In pochissimi giorni le denunce nei confronti di ragazzi sono fioccate, ma non sempre il finale è quello che questi giovanissimi, alle prime esperienze con il crimine, si sarebbero aspettati. La collaborazione tra privati cittadini e forze dell’ordine sta, in più di un’occasione, avendo i suoi effetti positivi e così altre due denunce, dopo quelle dei giorni scorsi, sono toccate in sorte a malviventi in erba finiti nella rete delle forze dell’ordine.

Alle due del mattino di ieri, un rumore insolito ha infatti svegliato una persona che abita in via Cagliari. Dato uno sguardo alla finestra ha capito che qualcosa non andava per il verso giusto. Nel negozio Marvins qualcuno ha tentato di sfondare la vetrata, ma, a differenza di quanto accaduto la scorsa settimana quando un’auto usata come ariete aveva consentito ai ladri di svaligiare la Vodafone di viale Diaz, stavolta la vetrata ha retto all’urto. A terra sono finito solo alcuni calcinacci, ma l’ingresso al negozio è rimasto sbarrato.

Intuito quanto stava accadendo, il cittadino ha immediatamente dato l’allarme e, sfortunatamente per i ladri kamikaze ma fortunatamente per i proprietari del negozio e per l’intera comunità, la volante del Servizio prevenzione generale e soccorso pubblico, diretto dal commissario Giuseppe Amatulli, era a due isolati di distanza. In un attimo i poliziotti sono arrivati all’angolo tra via Cagliari e piazza Manno e subito dopo hanno sentito degli strani rumori arrivare dalla centralina del gas che si trova di fronte all’ex carcere.
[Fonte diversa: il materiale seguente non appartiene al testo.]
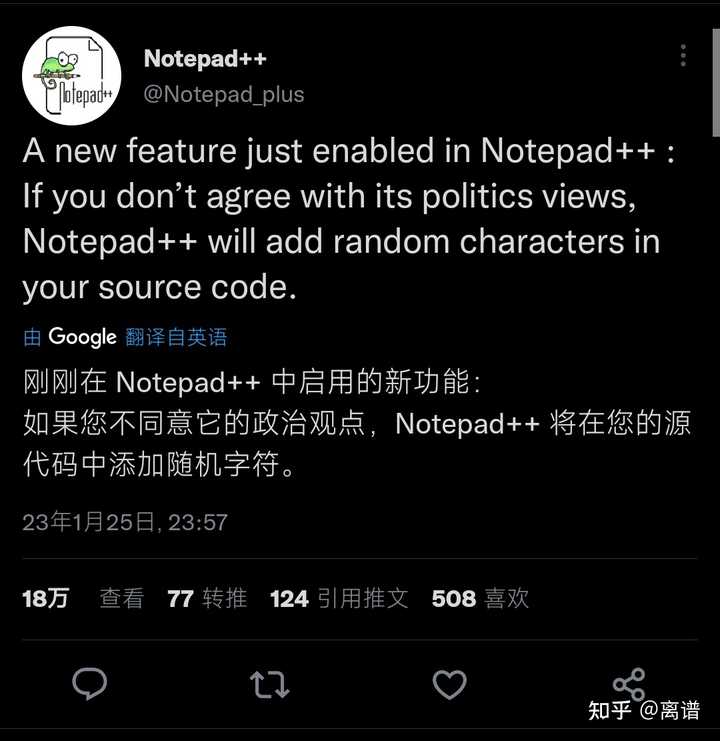 Notepad++的开发者侯今吾是一个怎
Si sono avvicinati e hanno scoperto tre giovani inutilmente accovacciati. La fuga per due di loro è durata pochissimi istanti. Fermati e identificati – sono N.C. e D.T. di 17 anni con qualche precedente penale – si sono incredibilmente rifiutati di collaborare con le forze dell’ordine, In questura non hanno voluto rivelare il nome del complice e non per proteggere l’amico da eventuali conseguenze penali, ma per evitare che su di loro potesse essere stampata l’etichetta di “infami e traditori”.

La polizia sta così cercando di individuare chi sia stato il terzo partecipante al blitz, mentre il questore Francesco Di Ruberto lascia intendere che le indagini serviranno anche per accertare se i tre siano gli autori del colpo messo a segno in viale Diaz con una tecnica simile qualche giorno prima. In quel caso era andata meglio ai ladri, visto che erano riusciti a portare via una decina di telefonini.

Legami col precedente episodio a parte, la preoccupazione cresce perché nell’ultimo periodo, tra furti e piccolo spaccio di droga, molti minorenni sono finiti alla ribalta nelle pagine di cronaca. Denunce erano arrivate per detenzione di piccole quantità di droga in piazza Cattedrale, per alcuni tentati furti ai danni di auto, per i furti al distributore automatico di vivande e bevande a San Vero Milis, per una serie di danneggiamenti, per i furti in una fumetteria di viale San Martino. Sono episodi che si vanno ripetendo con sempre maggiore frequenza, mentre sempre più bassa è l’età di chi li compie.